- What to work on
A faithful copy of the listing below is needed, with its pictures left out.

▽

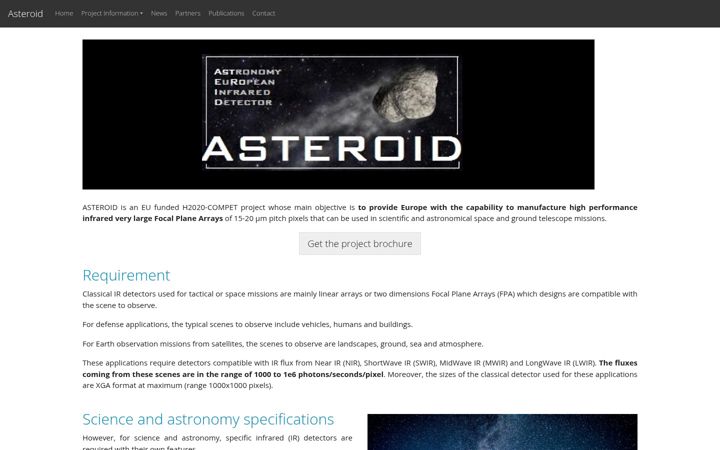 Screenshot of asteroidh2020.eu
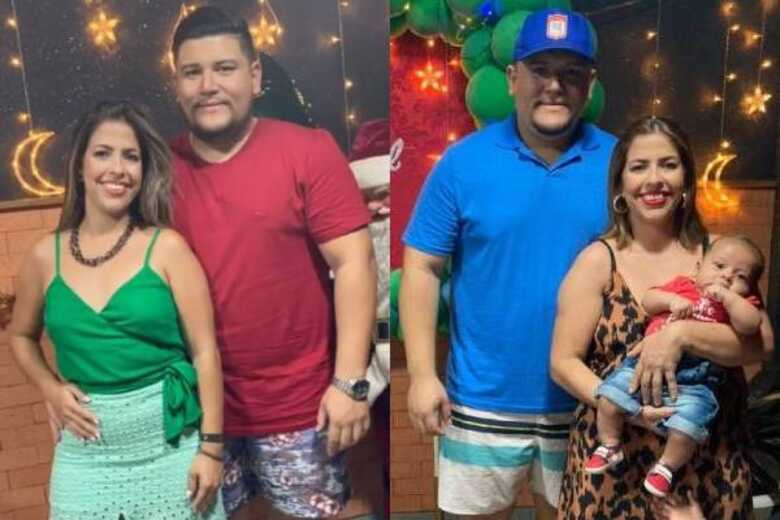 Rafaela Alves e o esposo, Gustavo, no Natal de 2020 e 2021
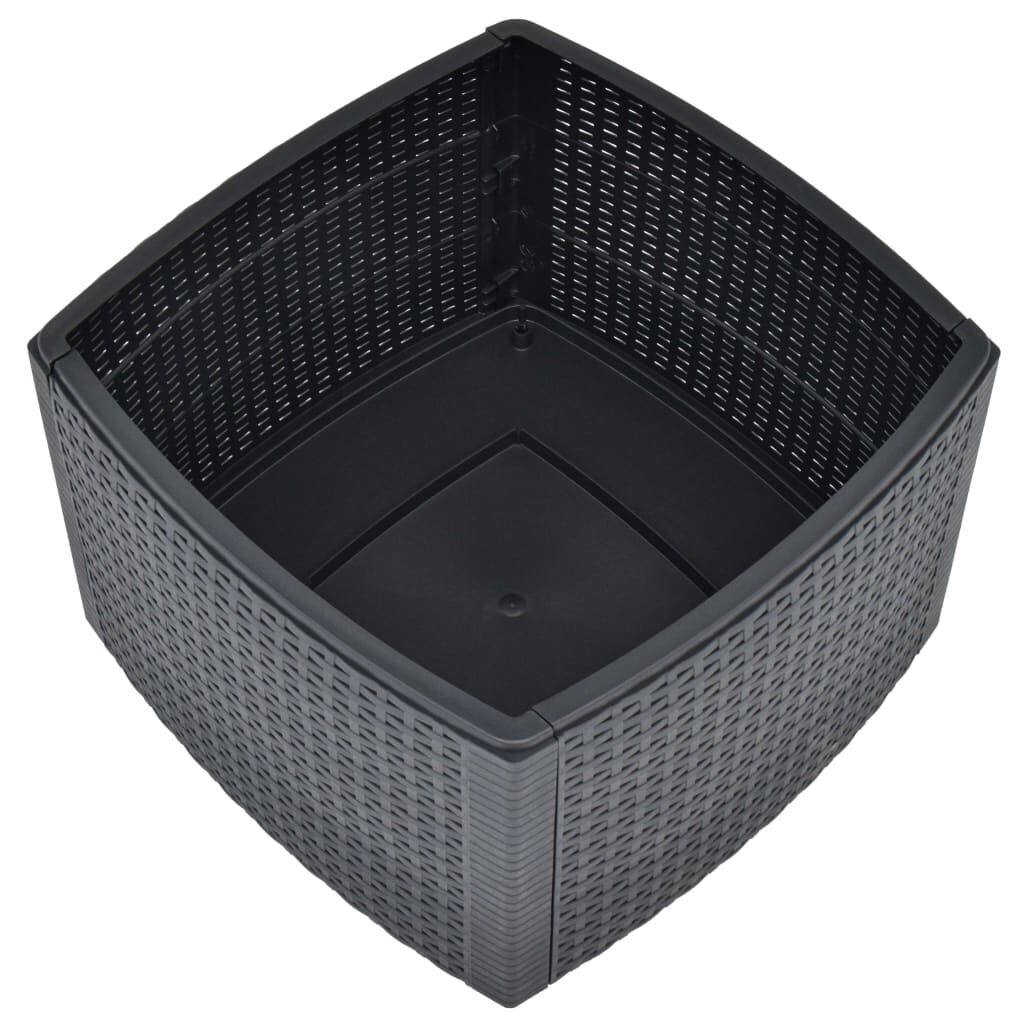 vidaXL Βοηθητικό Τραπέζι Ανθρακί 54 x 54 x 36,5 εκ. Πλαστικό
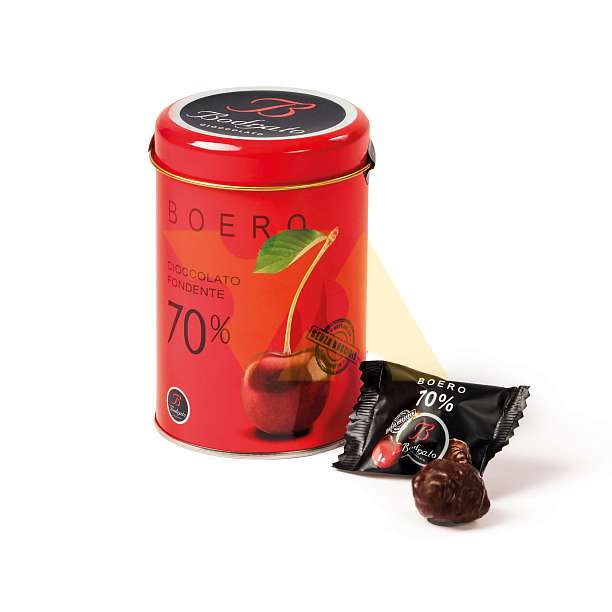 Конфеты Боеро черешня с граппой в темном шоколаде, BODRATO CIOCCOLATO, 0,150 кг (ж/б цилиндр)  Bodrato Cioccolato Италия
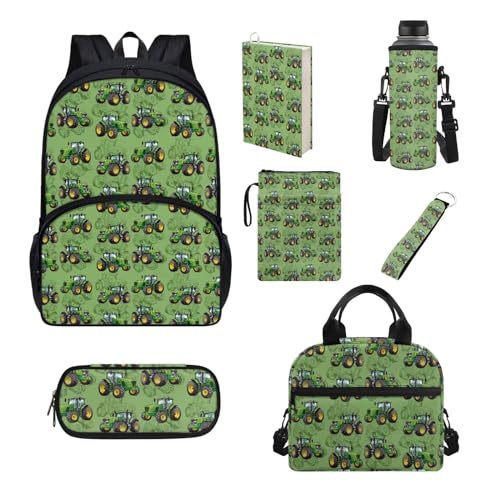 Set di 7 pezzi zaino per scuola elementare primaria sencondaria ragazze ragazzi bookbag borsa pranzo astuccio Trattore Taglia unica Set di zaini per la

△

- Answer section
 Screenshot of asteroidh2020.eu
 Rafaela Alves e o esposo, Gustavo, no Natal de 2020 e 2021
 vidaXL Βοηθητικό Τραπέζι Ανθρακί 54 x 54 x 36,5 εκ. Πλαστικό
 Конфеты Боеро черешня с граппой в темном шоколаде, BODRATO CIOCCOLATO, 0,150 кг (ж/б цилиндр)  Bodrato Cioccolato Италия
 Set di 7 pezzi zaino per scuola elementare primaria sencondaria ragazze ragazzi bookbag borsa pranzo astuccio Trattore Taglia unica Set di zaini per la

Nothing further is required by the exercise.